I grew up knowing about Steve Jobs because my dad introduced me to the Apple ][+ when he bought one for our family back in 1979. It was this very computer that got me interested in information technology and later led my life to where I am today as a chief information officer. Without that early and cool introduction, I may not be the man I am today. In other words, I owe my success to Dad and Steve Jobs.

Through the years, Dad told me about Jobs and his wonderful company Apple Inc. Strangely enough, Steve Jobs died within two months of my dad and under similar circumstances. They both withered away from the effects of cancer. Jobs died on October 5, 2011 and my father died on December 4, 2011.

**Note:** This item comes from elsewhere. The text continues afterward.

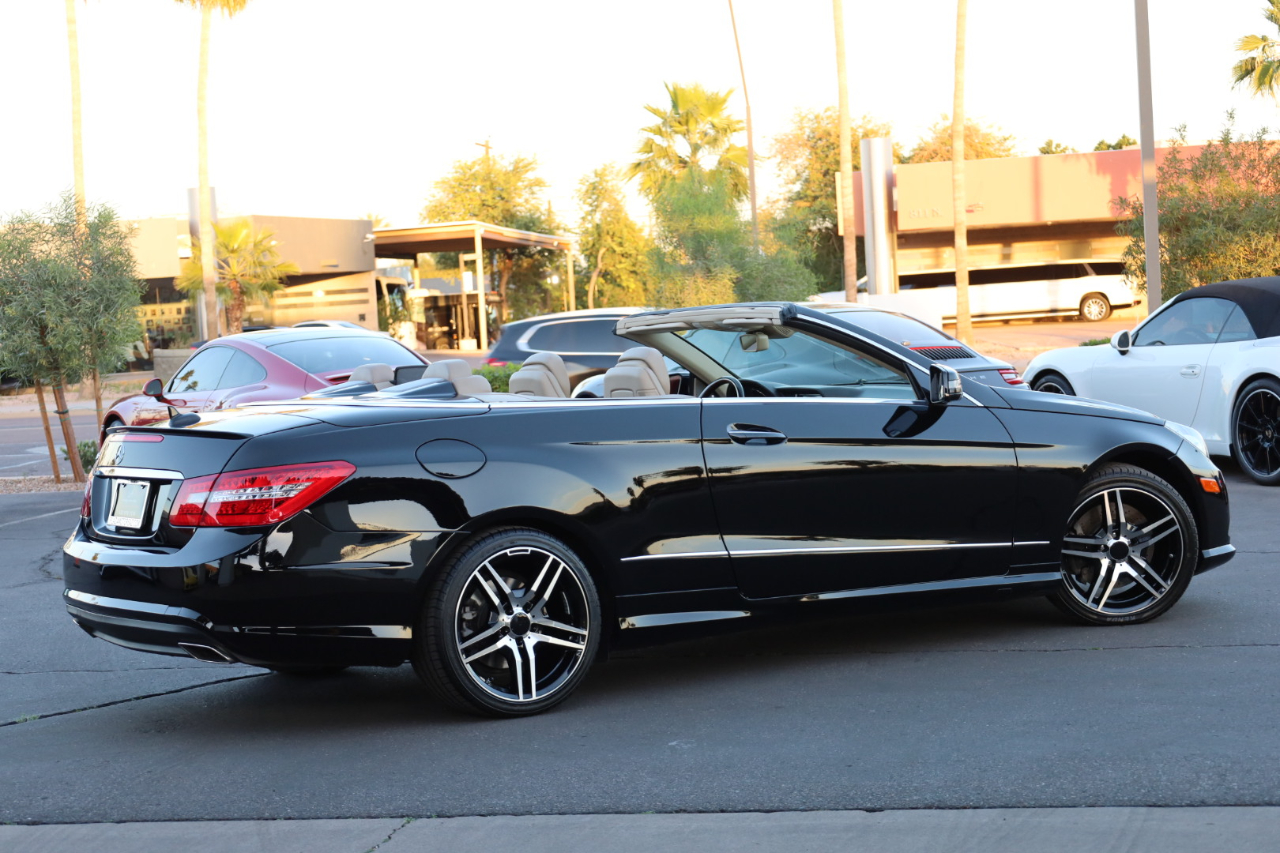 Mercedes-Benz E-Class E550 Cabriolet 2011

Even though I knew many things about Jobs and Apple as I grew up, I had no idea about the levels of his candor and -sometimes- downright mean behavior. After reading Isaacson’s book my eyes were opened. Some who read it might walk away thinking how callous and evil(ish) Jobs was, but I choose to see the other side. He was an amazing man with a gift that he discovered early on and used to create the greatest computer company anyone has ever seen (and may ever see again).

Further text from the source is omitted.